No palco nu, coberto apenas por um piso de madeira que se eleva ao fundo como uma parede, bailarinos vestindo roupas plásticas transparentes apresentam suas credenciais, igual aos anúncios de classificados. Marcados por códigos de barra e pelo conhecido carimbo de produto frágil à altura do coração, João, Teresa, Raimundo, Maria, Joaquim e Lili contam suas vantagens sem, contudo, conseguir esconder a solidão estampada no rosto. Feitas as devidas apresentações, uma voz vacilante resume o destino dos ali presentes. “João amava Teresa, que amava Raimundo/que amava Maria, que amava Joaquim, que amava Lili/que não amava ninguém.” O poema, todos conhecem, é Quadrilha. E para deleite da platéia do espetáculo Sem lugar, do grupo mineiro de dança 1º Ato, é declamado na voz do próprio autor, o mineiríssimo poeta Carlos Drummond de Andrade, cujo centenário de nascimento, acontecido no dia 31 de outubro, tem sido alvo de várias homenagens. Sem lugar, que já passou por Belo Horizonte, Rio de Janeiro e São Paulo e iniciou turnê pelo Sul do País na sexta-feira 8, em Curitiba, é uma das ótimas surpresas deste pacote comemorativo.

Surpresa porque não se trata de um sarau dançante e didático.
Segundo Suely Machado, diretora artística e diretora-geral do balé,
a idéia foi evitar a ilustração óbvia da poesia drummondiana, cuja modernidade dispensa penduricalhos. “Não queríamos fazer uma transposição literal da sua obra, o que se revelaria muito pobre”,
explica Suely. Assim, a opção da trupe pilotada pelo coreógrafo Tuca Pinheiro foi incorporar a famosa “pedra no meio do caminho” – elemento cenográfico onipresente no espetáculo –, ao preferir trabalhar com os temas mais recorrentes na vida e na obra do poeta de ferro na alma, como as lembranças da infância em Itabira, o erotismo, a solidão, a obsessão, o olhar para baixo e a avareza do sorriso.
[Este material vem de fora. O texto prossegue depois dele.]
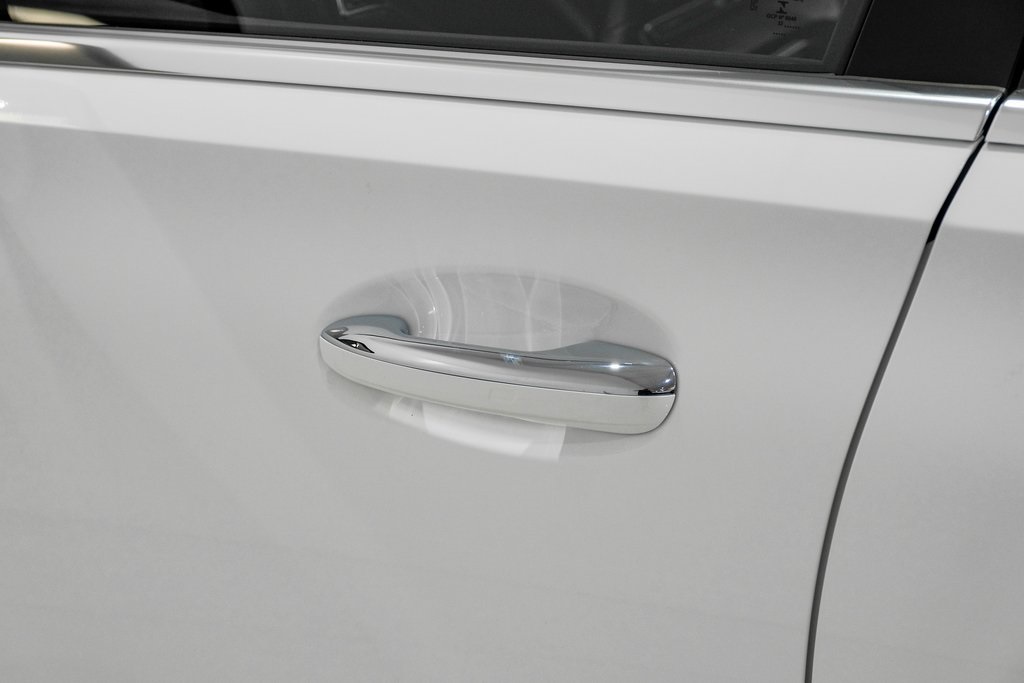 Vehicle image 29 of 49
O resultado é uma coreografia repleta de gestos do cotidiano, que dialoga em profundidade com a poética do homenageado. Num dos belos momentos, um casal se entrelaça de pé sobre um colchão até a mulher escorrer pelo corpo do amante, congelado no vazio de um abraço. Em referência ao poema Amor e seu tempo, a coreografia frisa aquele instante ilusório no qual o objeto do amor já se foi, mas ainda não abandonou a memória do corpo. Apesar de ter surgido de um convite de Pedro Drummond, neto do poeta, o espetáculo coincidiu com outra data não menos especial: as duas décadas de existência do 1º Ato. Há 11 anos o grupo é patrocinado pelo Banco Rural, na pessoa de sua presidente, Kátia Rabello, numa parceria que tem possibilitado à trupe alçar vôos cada vez mais ambiciosos como este Sem lugar.